In fact, watchers of the social-political developments in Moldova know that Party of Communists passed its program on April 21, 2001, at its winner’s congress, two months after their landslide victory in parliamentary elections; and not while the party was in opposition as it likes to insinuate. During that Congress Communist leader announced that their victory was the first step towards reviving Communist movement in CIS. The new Communist party program reconfirmed the thesis on the need of rebuilding “federation of sovereign republic”, i.e. USSR. It also condemned globalisation as a sign of neo-imperialism and instrument of “American imperialism” — WTO, etc.

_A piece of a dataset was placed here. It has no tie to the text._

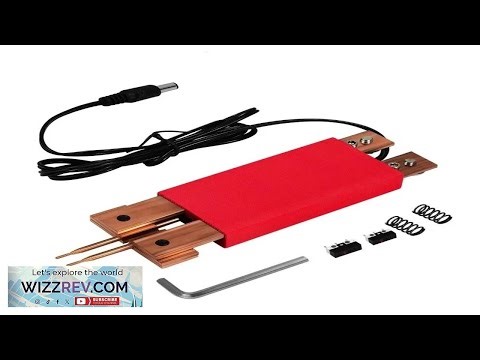 Spot Welding Pen Integrated Spot Welder Hand held with Automatic Trigger For 18650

Curiously, two months later Communist Party voted in favour of joining WTO. In another two months it declared liberalizing economy its top priority. Later, integration in the EU was declared to be one of Moldova’s strategic goals; albeit it ran counter to the party’s political program, not to mention its electoral program militating for joining Russia-Belarus Union. Then what consensus over social order (either in relations with right or left opposition, or citizens for that matter) are we talking about?

Social practice indicates that such behaviour is usually displayed by those who follow the principle: the goal justifies the means, whereas the ultimate goal in this case seems to be staying in power no matter what. Such a goal would never contribute to the consolidation of the society, not to mention civil society.

Moral order

The aforesaid brings to light the discrepancy between the party documents and electoral program and the behaviour of the ruling party, both of which undermine the “moral order” as a foundation of the civil society. And this because electoral program is nothing but a “social contract” concluded between a certain political party and its electorate.

What a better occasion to talk “moral order” than Easter, which usually precedes or follows Communist’s celebration of V.I. Lenin on April 22.

This year, as was the case last year, public opinion was outraged by the way Communist Party equally celebrated both occasions. Last year, Communist leaders attended the Easter ceremony, the President even received the Holly Fire brought from Jerusalem to pass it on to the people. The same happened this year. This time however President called on his fellow citizens: “Let us unite in the name of this Holly Fire to be together forever”. Thus, believers may only wonder about the “moral order” and abiding Lord’s preaching: “Give to Caesar what is Caesar’s, and to God what is God’s” (Mathew 22:21, Luca 20:25). And this the more so as last year (including on the election day held several weeks after Easter), National TV broadcasted several times a movie featuring President Voronin endorsing Communist candidates in elections with the reporter, Carmelia Albu, disclosing the fact that the President was not a believer.

That’s the plain truth… In his capacity as an atheist and leader of the Party of Communists, the President together with his fellow comrades bowed to the Lenin’s monument on April 22 reiterating that Lenin’s ideals were still guiding ideas albeit they preached atheism and despite the fact that Lenin was the one to order hundreds and thousands of clergy to be killed. Still, President called ordinary citizens and believers to “unite in the name of Holly Fire” brought from the grave of the Lord, who used to say “No one can serve two masters. Either he will hate the one and love the other, or he will be devoted to the one and despise the other. You cannot serve both God and Money” (Mathew 6:24).

Therefore, the evolution of the Moldovan civil society is undermined by the lack on the social and moral order.